===== PROVIDED RECORDS =====

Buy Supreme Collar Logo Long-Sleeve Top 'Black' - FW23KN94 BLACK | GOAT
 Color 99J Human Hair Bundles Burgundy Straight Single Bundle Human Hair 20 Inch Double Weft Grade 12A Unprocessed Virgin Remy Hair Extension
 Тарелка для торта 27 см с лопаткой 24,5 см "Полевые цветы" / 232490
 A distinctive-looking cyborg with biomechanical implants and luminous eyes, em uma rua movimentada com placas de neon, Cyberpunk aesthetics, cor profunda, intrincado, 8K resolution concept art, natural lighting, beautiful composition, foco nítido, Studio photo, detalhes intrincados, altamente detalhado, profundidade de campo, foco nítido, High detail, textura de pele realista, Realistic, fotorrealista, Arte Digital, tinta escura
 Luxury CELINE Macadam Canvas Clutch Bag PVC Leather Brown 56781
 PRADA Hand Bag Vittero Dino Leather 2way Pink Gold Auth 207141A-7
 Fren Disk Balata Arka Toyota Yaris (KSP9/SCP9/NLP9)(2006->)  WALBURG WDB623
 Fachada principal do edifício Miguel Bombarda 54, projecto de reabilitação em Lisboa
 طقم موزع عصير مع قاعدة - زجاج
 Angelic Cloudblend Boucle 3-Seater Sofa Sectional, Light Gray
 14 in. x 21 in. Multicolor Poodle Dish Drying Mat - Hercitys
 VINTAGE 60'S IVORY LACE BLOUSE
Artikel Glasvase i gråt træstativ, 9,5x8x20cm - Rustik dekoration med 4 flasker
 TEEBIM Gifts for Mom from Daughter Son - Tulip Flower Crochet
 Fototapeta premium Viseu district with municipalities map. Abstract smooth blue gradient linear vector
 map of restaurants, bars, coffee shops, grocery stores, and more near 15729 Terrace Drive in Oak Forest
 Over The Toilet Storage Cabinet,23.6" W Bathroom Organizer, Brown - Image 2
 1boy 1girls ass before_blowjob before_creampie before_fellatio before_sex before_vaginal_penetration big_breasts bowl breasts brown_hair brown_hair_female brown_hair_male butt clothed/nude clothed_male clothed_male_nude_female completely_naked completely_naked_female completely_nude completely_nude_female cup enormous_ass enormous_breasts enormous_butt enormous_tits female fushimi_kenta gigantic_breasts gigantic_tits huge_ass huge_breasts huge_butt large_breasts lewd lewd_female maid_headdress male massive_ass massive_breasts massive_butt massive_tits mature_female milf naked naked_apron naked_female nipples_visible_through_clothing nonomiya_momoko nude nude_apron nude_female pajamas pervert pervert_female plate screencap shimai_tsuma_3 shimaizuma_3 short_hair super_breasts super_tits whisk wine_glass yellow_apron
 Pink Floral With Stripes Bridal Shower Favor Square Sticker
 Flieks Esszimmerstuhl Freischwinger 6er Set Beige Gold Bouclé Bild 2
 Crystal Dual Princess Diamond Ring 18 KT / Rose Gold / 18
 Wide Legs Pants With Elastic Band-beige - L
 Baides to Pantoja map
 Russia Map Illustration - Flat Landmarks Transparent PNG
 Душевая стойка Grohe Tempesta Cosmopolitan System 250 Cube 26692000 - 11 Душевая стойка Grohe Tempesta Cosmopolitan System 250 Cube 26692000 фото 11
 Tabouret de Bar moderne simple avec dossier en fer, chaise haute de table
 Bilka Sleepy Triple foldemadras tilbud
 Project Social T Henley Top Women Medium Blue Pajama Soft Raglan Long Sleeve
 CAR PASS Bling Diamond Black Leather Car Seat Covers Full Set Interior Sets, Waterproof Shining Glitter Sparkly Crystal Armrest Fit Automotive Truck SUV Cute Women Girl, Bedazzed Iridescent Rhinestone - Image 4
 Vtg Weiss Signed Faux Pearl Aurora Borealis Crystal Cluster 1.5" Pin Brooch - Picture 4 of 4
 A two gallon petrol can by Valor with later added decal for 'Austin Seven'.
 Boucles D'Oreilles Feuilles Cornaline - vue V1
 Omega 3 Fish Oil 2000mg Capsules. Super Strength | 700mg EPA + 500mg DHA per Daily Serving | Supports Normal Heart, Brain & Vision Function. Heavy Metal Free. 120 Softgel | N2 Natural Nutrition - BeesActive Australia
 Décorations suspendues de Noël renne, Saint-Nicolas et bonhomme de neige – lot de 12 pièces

=====

» **THE TASK**: Each line of the data that has the string "Black" counts once; give the total and nothing else.

» **RESPONSE FOR THIS EXERCISE**: 2